Last year, after mounting pressure from diversity advocates, leading technology companies made public their gender and race employment statistics, revealing a startling diversity gap, with Latinos being one of the most underrepresented minorities. The numbers revealed, on average, that top technology companies had less than 4 percent of Latinos in their workforce.
“We need each other and need to work together to address these very low numbers,” says Rep. Linda T. Sánchez, CHCI chair. “I applaud the companies who have shared their employment figures – what gets measured gets results.
“We know that the tech sector is fueling job growth,” Sánchez adds. “The Bureau of Labor Statistics estimates there will be approximately 1 million newly created STEM jobs in the next 10 years. That corresponds with an increase of 16 million Latinos in the same period.”
The Tech Community Summit included Latino representatives of Silicon Valley technology companies, start-ups, nonprofits and associations joining CHCI’s board and advisory council for roundtable discussions to address how best to develop a pipeline of Latino talent in the tech sector.

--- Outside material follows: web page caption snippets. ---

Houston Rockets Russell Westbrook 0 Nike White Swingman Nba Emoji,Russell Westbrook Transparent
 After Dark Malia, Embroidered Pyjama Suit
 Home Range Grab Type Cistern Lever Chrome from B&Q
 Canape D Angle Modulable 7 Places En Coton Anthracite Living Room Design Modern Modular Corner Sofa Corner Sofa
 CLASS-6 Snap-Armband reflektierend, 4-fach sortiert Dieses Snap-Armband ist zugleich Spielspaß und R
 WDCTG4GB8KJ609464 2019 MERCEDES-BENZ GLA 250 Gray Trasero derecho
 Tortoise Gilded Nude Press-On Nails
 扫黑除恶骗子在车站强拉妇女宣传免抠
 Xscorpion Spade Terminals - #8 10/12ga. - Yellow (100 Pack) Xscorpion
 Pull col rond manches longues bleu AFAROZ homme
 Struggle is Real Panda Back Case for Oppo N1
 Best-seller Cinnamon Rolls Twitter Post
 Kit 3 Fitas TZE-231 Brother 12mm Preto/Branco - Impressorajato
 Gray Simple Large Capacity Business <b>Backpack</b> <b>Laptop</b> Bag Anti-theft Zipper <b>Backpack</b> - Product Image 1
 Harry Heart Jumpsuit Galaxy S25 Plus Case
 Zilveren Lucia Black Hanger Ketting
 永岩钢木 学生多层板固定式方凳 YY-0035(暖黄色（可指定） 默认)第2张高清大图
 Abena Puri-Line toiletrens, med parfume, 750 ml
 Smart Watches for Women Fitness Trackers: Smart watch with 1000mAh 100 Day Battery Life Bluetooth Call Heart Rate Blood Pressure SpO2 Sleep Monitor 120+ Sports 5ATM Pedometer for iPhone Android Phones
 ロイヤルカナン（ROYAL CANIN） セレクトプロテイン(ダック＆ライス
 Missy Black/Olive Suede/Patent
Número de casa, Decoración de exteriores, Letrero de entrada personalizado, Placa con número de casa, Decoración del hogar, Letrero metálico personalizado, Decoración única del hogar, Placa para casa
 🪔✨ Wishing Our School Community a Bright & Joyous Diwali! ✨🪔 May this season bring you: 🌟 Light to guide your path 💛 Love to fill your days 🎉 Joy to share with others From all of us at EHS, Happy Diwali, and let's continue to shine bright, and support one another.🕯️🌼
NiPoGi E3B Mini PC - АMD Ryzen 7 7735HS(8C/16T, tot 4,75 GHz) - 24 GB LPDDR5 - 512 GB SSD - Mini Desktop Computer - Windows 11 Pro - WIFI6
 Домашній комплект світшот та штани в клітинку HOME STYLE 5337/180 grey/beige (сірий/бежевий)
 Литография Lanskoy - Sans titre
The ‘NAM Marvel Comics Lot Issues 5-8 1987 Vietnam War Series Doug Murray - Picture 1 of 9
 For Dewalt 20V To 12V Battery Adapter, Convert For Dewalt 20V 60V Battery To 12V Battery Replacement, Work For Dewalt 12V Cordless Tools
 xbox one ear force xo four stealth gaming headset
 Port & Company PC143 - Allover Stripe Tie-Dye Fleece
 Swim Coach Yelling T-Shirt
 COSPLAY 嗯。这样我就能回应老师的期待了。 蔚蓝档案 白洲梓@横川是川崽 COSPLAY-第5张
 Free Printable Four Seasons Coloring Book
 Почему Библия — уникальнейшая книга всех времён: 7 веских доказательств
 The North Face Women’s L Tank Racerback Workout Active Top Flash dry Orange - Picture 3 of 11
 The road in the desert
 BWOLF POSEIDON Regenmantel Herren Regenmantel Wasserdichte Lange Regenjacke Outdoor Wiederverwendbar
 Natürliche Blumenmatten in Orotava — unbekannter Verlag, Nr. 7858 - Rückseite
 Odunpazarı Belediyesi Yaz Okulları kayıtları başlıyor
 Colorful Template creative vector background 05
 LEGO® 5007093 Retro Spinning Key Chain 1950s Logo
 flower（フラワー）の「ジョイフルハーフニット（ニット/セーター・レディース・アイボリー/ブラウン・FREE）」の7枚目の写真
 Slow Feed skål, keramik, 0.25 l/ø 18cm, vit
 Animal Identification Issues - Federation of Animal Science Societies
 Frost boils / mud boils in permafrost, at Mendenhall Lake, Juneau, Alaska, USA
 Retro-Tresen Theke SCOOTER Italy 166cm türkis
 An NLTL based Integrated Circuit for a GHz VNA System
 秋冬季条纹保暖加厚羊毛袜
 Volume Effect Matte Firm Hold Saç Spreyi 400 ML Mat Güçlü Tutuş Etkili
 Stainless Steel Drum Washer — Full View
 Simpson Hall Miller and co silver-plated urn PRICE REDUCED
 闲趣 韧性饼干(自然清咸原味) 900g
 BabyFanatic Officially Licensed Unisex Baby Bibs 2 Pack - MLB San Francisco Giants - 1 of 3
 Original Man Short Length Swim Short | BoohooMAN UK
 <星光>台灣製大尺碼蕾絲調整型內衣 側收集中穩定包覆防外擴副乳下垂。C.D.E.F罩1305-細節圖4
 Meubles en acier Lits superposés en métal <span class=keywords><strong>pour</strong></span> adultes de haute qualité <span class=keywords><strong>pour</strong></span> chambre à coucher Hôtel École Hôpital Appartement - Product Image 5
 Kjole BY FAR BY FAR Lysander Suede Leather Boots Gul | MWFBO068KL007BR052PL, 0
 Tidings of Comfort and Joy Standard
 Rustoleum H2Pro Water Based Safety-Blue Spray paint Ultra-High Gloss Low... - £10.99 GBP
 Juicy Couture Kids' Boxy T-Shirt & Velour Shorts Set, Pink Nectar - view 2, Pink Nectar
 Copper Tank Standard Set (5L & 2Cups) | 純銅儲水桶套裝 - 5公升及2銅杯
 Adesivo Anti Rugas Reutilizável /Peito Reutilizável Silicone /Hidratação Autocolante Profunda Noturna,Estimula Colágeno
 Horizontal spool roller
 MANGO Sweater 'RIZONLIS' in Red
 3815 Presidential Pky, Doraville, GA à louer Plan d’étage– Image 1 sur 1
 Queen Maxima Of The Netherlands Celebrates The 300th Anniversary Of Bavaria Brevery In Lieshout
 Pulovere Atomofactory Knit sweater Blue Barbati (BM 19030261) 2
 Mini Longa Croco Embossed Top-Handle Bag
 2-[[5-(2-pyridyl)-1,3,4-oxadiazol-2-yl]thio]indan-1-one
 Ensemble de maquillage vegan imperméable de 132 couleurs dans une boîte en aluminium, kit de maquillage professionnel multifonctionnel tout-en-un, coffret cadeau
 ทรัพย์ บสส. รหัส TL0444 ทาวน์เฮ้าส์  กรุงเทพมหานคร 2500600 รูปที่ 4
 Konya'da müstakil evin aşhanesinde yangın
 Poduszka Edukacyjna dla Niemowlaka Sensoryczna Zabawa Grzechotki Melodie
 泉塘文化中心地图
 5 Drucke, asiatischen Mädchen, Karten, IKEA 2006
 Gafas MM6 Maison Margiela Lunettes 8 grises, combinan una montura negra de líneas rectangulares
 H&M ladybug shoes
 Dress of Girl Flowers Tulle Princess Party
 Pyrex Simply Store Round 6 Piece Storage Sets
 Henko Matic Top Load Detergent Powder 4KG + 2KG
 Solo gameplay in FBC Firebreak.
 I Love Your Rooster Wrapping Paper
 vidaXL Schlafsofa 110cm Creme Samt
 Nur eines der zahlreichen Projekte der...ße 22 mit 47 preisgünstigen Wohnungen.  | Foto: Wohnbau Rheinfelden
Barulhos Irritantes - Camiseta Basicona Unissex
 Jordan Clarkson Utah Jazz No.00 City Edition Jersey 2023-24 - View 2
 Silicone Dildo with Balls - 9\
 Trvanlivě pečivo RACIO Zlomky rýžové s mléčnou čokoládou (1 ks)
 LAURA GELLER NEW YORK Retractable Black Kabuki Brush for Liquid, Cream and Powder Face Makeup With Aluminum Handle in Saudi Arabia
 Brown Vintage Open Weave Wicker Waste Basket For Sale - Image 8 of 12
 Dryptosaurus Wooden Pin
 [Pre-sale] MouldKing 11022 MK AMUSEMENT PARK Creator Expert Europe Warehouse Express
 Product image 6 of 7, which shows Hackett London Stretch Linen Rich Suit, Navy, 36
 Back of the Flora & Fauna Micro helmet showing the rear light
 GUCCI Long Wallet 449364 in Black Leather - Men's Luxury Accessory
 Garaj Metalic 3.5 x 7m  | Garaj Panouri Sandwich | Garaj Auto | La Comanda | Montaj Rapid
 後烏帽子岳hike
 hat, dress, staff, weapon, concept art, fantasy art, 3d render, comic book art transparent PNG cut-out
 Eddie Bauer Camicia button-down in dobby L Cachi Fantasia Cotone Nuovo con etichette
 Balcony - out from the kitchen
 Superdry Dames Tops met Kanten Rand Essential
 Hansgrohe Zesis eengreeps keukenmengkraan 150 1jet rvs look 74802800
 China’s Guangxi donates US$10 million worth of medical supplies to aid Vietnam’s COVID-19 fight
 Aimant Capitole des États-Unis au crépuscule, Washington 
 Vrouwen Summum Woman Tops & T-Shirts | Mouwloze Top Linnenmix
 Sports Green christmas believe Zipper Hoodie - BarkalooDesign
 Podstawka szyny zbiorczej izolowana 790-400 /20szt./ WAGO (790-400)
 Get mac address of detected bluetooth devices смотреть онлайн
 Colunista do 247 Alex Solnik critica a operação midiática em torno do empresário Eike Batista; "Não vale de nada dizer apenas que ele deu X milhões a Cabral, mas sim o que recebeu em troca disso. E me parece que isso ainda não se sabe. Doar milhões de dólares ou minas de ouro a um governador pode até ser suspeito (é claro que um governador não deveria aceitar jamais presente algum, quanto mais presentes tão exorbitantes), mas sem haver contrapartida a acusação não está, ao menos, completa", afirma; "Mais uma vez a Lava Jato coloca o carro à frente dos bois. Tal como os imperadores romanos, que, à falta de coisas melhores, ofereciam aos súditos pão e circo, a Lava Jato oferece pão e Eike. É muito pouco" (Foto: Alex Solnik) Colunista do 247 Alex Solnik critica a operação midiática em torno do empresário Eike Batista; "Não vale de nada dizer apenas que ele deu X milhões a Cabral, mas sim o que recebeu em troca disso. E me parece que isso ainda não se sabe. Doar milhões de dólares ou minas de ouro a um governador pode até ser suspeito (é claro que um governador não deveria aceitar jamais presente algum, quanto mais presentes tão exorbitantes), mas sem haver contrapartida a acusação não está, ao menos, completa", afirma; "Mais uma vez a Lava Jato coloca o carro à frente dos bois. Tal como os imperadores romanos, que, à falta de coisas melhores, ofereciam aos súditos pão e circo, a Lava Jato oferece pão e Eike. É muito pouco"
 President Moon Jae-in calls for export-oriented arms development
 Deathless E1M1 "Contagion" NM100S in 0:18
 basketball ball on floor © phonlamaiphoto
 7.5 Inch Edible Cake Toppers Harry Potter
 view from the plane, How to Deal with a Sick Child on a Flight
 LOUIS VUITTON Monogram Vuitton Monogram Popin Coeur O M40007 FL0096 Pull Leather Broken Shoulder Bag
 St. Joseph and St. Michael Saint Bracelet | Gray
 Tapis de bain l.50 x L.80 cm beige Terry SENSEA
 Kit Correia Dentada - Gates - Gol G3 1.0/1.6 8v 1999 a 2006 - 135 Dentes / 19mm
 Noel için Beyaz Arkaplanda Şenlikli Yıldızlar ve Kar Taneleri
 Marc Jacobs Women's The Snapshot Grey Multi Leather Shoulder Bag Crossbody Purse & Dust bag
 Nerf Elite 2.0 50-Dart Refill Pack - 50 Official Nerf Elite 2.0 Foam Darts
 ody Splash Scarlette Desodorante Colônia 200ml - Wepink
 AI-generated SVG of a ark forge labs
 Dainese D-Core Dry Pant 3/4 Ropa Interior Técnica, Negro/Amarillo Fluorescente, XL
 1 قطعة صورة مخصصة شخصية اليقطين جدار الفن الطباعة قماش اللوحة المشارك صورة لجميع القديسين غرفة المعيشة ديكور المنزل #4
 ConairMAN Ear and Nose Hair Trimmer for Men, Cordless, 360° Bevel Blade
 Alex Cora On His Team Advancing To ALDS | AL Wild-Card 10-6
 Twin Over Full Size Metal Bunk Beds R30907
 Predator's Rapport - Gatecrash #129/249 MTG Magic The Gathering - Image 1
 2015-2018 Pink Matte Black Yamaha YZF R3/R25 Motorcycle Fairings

The conversation continued with high-level discussions at several of Silicon Valley’s top companies to advance Latino diversity and address how technology companies can work towards better outcomes by:
- > Replicating the most successful STEM and tech programs;
- > Investing in higher education as well as Hispanic-serving institutions;
- > Strengthening recruitment and retention strategies, including investing in paid scholarships and internships;
- > Supporting Latino start-ups and looking to Latino firms through procurement processes; and
- > Increasing Latino representation on their boards.
“We advocated for a comprehensive approach and critical investments so talented young Latinos can gain access to this critical job sector,” says Esther Aguilera, CHCI president and CEO. “Silicon Valley does not need to look very far to recruit more Latinos and CHCI hopes to partner with them to ensure they are providing jobs not only for coders and engineers, but in marketing, law, human resources and the many other areas of work they employ.”
CHCI has invited the technology companies to continue the conversation at its Public Policy Conference in Washington, D.C., this October 6-7.